Leman S Darıcıoğlu_Görsel

‘Empoisoned Princess’, ALAN İstanbul, 2017

Usually, your performances address the social problems. ‘Empoisoned Princess’ made in collaboration with Performistanbul will take place at Alan Istanbul between February 6 and February 15 of 2017 focuses on Tarlabaşı and its cultural transformation. Can you tell us more about this performance that is partially relocated at a public space?  What is the point of departure?

Though I have never lived in Tarlabaşı myself, I spent so much time with my friends living there, I shared my nights, my days with them in that neighbourhood. My interest in Tarlabaşı comes form such a personal history. I also think that Tarlabaşı shows us many things about Istanbul’s identity because of its location next to Istanbul’s entertainment centre, Taksim.
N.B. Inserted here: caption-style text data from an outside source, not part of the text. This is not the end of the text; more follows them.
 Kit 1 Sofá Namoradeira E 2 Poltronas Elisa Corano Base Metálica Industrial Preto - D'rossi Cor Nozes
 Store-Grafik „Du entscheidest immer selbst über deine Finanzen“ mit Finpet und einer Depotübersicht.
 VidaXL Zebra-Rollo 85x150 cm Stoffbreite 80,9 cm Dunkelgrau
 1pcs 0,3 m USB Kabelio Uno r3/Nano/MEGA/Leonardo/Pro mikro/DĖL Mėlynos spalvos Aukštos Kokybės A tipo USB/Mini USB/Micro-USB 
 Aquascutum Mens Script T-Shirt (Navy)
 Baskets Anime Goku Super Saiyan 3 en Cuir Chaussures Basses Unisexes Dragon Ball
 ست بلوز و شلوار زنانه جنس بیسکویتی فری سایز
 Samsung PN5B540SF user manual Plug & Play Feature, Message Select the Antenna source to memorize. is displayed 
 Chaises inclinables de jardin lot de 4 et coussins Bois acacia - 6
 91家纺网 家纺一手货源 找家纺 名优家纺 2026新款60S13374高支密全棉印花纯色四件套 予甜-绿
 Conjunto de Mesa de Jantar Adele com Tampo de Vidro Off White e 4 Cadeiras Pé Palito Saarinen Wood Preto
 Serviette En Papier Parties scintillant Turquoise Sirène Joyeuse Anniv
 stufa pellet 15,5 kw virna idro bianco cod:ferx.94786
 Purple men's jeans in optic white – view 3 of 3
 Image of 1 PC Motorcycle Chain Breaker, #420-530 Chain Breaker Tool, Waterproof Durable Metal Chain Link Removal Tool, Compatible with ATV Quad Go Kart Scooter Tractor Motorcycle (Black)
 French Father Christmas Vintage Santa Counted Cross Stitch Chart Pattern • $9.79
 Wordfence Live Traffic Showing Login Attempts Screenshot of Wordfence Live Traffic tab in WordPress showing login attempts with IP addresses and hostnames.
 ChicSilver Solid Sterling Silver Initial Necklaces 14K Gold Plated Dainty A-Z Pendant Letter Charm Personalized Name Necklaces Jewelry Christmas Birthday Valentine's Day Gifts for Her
What I am trying to say is that the urban transformation of Tarlabaşı manifests the urban transformation of Taksim and the urban transformation of Taksim manifests what kind of life package is offered to us.

As a result of non- Muslims’ leaving the site because of Wealth Tax, September 6-7 incidents, 1964 Anotolian Greeks (Rum) Deportation, Tarlabaşı becomes a residential area for the local immigrants by 1960s. It has been trough a transformation by the opening of Tarlabaşı Avenue in 1984. Its historical and architectural texture are deteriorated and then Tarlabaşı’s becoming the filthy backstreet of Beyoğlu started in the 60s is getting stronger. And Tarlabaşı we remember before the transformation is the neighbourhood where the majority of inhabitants were the cheap workforce of Beyoğlu, and were transexuals, local Kurdish immigrants and refugees. These people could not be on display, meaning they could not get a share from capital.

On the other hand, Pera has been the symbol of western life since 19th century. Even, the development of Tarlabaşı is due to the need for a residential area for levantines, ambassadors working for the embassies. When we read the notion of Pera’s being the western face within the scope of Westernisation politics of Turkish Republic and look at today’s transformation, I think that it probably indicates a breaking point about the history of republic. All of these features make me interested in Tarlabaşı.

And of course, this neighbourhood’s being certainly an important centre of queer culture coincides with my personal history and social history. Memories that I heard about the transformation from trans-women at the hairdressers, at the famous Hülya Coiffeur, at the wigmakers on the avenue certainly incited my will to watch silently the destruction of this district.

By such departure points, I will let myself go to the streets of Tarlabaşı in the 6th of February; try to find today’s Tarlabaşı, Tarlabaşı’s; install the princess, look at the poison. Who knows? Maybe, I will find a Russian princess who came to Istanbul after October Revolution and bring her to the gallery…

This is going to be a process in which the boundaries among the fixed definitions of concepts such as performance, the production process of art work, the art work and personal history and social history are blurred. By using many different mediums, I will try to bring Tarlabaşı’s Empoisoned Princess in my body and in the body of gallery space.

Since this is a performance, not to determine what I am going to do and not to think about it as much as possible will be my policy until the 6th of February. I will open myself to what this process and Tarlabaşı bring to me. The only thing I know is that I’ll be in Tarlabaşı for the 8 days of this 10 day and 4 hours per each day. And I’ll be there different times for a few days so that I can see the dynamics of different hours. The things I bring, memories, feelings, photographs, voices, videos, etc. will be at the gallery. Maybe starting from here, I will investigate Tarlabaşı as it is, the city we live in, the traces of the past, the effects of neoliberal politics on living spaces and the memory.